§ Description of the task
Print the listing in full, with no character changed.

§ Listed records
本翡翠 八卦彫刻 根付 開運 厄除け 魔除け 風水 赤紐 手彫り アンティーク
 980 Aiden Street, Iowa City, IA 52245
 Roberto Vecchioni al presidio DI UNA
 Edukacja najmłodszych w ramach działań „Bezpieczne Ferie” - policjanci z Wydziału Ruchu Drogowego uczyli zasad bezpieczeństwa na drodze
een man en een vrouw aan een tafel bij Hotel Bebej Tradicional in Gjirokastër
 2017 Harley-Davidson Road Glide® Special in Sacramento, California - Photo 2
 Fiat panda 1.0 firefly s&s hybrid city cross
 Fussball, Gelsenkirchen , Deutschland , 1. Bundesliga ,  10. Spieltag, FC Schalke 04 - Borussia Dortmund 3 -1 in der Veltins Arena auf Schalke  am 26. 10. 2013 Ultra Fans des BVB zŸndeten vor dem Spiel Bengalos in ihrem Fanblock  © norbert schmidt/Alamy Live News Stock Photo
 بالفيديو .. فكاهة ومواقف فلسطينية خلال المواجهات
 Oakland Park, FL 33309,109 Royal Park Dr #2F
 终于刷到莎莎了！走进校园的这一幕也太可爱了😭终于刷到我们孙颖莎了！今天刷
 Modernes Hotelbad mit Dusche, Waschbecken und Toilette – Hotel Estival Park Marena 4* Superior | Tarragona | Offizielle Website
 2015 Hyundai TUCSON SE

§ Answer area
本翡翠 八卦彫刻 根付 開運 厄除け 魔除け 風水 赤紐 手彫り アンティーク
 980 Aiden Street, Iowa City, IA 52245
 Roberto Vecchioni al presidio DI UNA
 Edukacja najmłodszych w ramach działań „Bezpieczne Ferie” - policjanci z Wydziału Ruchu Drogowego uczyli zasad bezpieczeństwa na drodze
een man en een vrouw aan een tafel bij Hotel Bebej Tradicional in Gjirokastër
 2017 Harley-Davidson Road Glide® Special in Sacramento, California - Photo 2
 Fiat panda 1.0 firefly s&s hybrid city cross
 Fussball, Gelsenkirchen , Deutschland , 1. Bundesliga ,  10. Spieltag, FC Schalke 04 - Borussia Dortmund 3 -1 in der Veltins Arena auf Schalke  am 26. 10. 2013 Ultra Fans des BVB zŸndeten vor dem Spiel Bengalos in ihrem Fanblock  © norbert schmidt/Alamy Live News Stock Photo
 بالفيديو .. فكاهة ومواقف فلسطينية خلال المواجهات
 Oakland Park, FL 33309,109 Royal Park Dr #2F
 终于刷到莎莎了！走进校园的这一幕也太可爱了😭终于刷到我们孙颖莎了！今天刷
 Modernes Hotelbad mit Dusche, Waschbecken und Toilette – Hotel Estival Park Marena 4* Superior | Tarragona | Offizielle Website
 2015 Hyundai TUCSON SE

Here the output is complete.